Because question 8 refers to the same thing, to answer this question and clarify the subject I used the same text from the discussions, lines 632-658: „The relationship between anxiety and aggressiveness seems to be influenced by the levels of anxiety and may be mediated by various neuronal and hormonal mechanisms [96–98]. In our view, the sucrose group enters a state of enhanced arousal linked with increased anxiety caused by sucrose exposure. Long term sucrose consumption in animals is reported to produce neuronal alterations of amygdala [99] or accumbens nucleus [100] which are mesolimbic regions modulating fear responses. Other reports on the effects of chronic consumption of sucrose in rodents show altered steroid levels and dopamine signalling in the brain, particularly in the mesocorticolimbic system and hypothalamus [101]. Arguablly, hyperglycemia may lead to disruptions in these brain circuitries, which were previously suggested to be associated with impulsivity and violence in humans [102]. Remarkably, a very recent study showed that hyperglycaemic rats engage in hyper-sociable and hyper-aggressive encounters more often than controls. The key mechanisms underlying this abnormal behaviour would include hyperglycemia-induced neuronal oxidative stress damage in brain areas, such as midbrain, striatum, frontal cortex, and hippocampus [103]. In the case of the insecticide-sucrose group, it is likely that high levels of anxiety - the result of the combined exposure to insecticide and sucrose - caused a disruption along the stress-regulation pathways or other systems that support aggression. In our study, the neurotoxic insecticide, which alters GABAergic and glutamatergic neurotransmitter systems, caused reduced exploration and frequent sudden returns to the safe areas in the light-dark test. Physiologically, anxiety is related to activating the stress responses and circuits, the HPA [104], that could induce withdrawal and escape responses. Several papers indicate hyperglycaemia as eliciting anxiety-like behaviors and robust stress in zebrafish [105]. Significant increases in levels of cortisol are showed to be correlated with higher visceral fat deposits, insulin resistance and also increased sugar consumption [106]. Correlations between persistent anxiety and reduced aggression are reported in the context of elevated stress hormone levels that inhibit aggression-related circuits in the hypothalamus and amygdala [107].”
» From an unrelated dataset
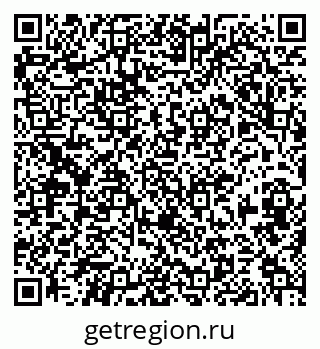 79677005324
9. Regarding the observed difference in freezing behavior (immobility) in the pesticide group, what neurobiological mechanisms could explain this difference? Furthermore, how could the absence of freezing behavior in the sucrose + insecticide group provide insights into the moderating effects of sucrose?

The reviewer’s question regards these lines: We observed also the installation of significant freezing durations in the Insecticide group (p = 0.033 vs control) in which approximately 1/3 of the total number of the tested individuals exhibited prolonged immobility during the six-minutes test. Given that no individual in the sucrose + Insecticide group entered states of total immobility, a question arises whether sucrose in low concentrations has a beneficial effect in counteracting Insecticide-induced anxiogeny.

We insert these in the discussion text at lines 677-680, and 686-692: “Fipronil impairing GABA's role as an inhibitory neurotransmitter can lead to hyperactivation of the HPA axis and elevated cortisol levels [111], which in turn can impact on amygdala and hippocampal function [112,113] with subsequent exacerbates anxiety responses, including freezing….[116]. The lack of freezing in the insecticide-sucrose group can be linked with a protective effect of sucrose along the stress-induced anxiogenesis pathway. Previously, sucrose has been showed to attenuate HPA axis responses to stress in humans and animals [86,117], possibly by activating serotonergic signaling in several reward-regulatory brain sites which can counteract the effects of stress [87]. Clearly, the interplay between sucrose and fipronil, or other insecticides, suggests more complex aspects to be elucidated by further in-depth studies.”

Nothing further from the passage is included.